EXERCISE AIM → For the entries below, the result should be an exact transcription of the lines from the one with "Circle green twigs" up to and including the one with "Delinieres 리모지 핸드페인트", and only those.

Brief descriptive captions →
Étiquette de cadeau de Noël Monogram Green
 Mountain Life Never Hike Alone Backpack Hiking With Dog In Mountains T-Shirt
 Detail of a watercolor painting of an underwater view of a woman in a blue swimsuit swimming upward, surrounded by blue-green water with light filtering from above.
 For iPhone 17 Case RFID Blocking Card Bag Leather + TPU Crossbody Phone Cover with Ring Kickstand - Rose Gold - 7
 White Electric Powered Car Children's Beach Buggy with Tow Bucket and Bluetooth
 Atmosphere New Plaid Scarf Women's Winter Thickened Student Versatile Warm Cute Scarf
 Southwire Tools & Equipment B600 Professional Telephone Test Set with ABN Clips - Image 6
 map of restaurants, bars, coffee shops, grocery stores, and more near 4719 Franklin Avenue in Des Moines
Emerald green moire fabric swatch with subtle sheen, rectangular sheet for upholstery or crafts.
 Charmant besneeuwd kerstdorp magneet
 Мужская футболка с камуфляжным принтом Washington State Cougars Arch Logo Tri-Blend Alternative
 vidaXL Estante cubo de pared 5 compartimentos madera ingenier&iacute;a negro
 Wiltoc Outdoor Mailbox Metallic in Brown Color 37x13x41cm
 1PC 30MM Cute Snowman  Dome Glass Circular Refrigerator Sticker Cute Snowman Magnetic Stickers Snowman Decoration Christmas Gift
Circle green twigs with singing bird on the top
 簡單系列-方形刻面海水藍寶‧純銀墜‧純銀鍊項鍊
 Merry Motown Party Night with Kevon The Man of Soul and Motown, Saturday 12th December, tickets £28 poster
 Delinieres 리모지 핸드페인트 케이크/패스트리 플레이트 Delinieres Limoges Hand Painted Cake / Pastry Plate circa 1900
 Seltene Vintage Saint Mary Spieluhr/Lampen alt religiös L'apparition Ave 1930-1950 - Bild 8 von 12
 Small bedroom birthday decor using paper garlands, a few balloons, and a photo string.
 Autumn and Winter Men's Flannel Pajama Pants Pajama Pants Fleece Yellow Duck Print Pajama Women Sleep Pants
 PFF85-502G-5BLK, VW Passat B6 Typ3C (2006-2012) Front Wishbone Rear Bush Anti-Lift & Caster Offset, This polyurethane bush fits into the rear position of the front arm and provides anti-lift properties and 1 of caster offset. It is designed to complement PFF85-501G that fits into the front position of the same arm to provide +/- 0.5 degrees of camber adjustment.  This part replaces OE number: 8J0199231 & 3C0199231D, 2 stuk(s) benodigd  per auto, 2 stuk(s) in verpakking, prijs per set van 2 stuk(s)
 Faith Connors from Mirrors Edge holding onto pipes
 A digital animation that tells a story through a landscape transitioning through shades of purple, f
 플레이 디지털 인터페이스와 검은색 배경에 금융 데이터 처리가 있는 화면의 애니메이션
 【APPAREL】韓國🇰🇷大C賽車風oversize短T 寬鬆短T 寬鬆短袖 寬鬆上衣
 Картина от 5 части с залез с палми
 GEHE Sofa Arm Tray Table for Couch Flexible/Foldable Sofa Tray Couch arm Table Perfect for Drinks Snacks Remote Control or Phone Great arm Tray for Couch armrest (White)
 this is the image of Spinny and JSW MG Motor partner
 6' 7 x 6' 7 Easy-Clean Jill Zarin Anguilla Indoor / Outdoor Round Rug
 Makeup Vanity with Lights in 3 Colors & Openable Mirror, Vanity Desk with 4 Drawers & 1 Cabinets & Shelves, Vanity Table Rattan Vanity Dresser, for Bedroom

ANSWER SPACE →
Circle green twigs with singing bird on the top
 簡單系列-方形刻面海水藍寶‧純銀墜‧純銀鍊項鍊
 Merry Motown Party Night with Kevon The Man of Soul and Motown, Saturday 12th December, tickets £28 poster
 Delinieres 리모지 핸드페인트 케이크/패스트리 플레이트 Delinieres Limoges Hand Painted Cake / Pastry Plate circa 1900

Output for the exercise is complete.